- [What is needed] For the word "large", count the lines below that contain it. Give the number alone.

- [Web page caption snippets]
_ _ _ _

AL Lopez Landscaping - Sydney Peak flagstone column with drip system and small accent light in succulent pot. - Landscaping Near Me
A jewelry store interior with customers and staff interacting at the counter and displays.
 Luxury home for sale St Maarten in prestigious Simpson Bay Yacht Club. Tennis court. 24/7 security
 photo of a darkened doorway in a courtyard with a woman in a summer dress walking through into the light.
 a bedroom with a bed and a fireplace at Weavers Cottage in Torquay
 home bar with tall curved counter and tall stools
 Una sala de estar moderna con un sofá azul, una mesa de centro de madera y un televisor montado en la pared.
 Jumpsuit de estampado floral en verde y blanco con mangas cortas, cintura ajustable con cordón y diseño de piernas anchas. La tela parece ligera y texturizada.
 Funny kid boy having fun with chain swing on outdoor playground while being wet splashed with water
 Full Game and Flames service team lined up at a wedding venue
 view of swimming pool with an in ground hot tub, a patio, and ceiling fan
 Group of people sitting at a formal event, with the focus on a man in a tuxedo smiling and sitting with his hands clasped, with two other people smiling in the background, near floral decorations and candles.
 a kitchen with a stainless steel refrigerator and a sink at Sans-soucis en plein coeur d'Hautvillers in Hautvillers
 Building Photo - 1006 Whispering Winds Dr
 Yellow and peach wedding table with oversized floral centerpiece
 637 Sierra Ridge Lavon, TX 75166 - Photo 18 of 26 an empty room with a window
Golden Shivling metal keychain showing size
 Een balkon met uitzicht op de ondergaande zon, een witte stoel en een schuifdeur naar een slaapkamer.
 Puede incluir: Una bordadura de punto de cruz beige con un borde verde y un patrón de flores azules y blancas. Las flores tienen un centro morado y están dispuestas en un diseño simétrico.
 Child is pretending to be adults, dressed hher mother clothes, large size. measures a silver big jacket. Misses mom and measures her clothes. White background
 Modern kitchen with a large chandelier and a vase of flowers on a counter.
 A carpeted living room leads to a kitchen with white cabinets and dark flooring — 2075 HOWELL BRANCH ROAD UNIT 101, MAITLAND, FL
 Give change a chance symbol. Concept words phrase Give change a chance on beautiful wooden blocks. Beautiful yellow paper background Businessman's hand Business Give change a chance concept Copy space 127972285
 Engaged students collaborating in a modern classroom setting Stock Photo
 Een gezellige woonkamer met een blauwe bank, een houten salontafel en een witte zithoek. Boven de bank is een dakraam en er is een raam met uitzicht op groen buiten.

_ _ _ _

- [Answer for the task] 2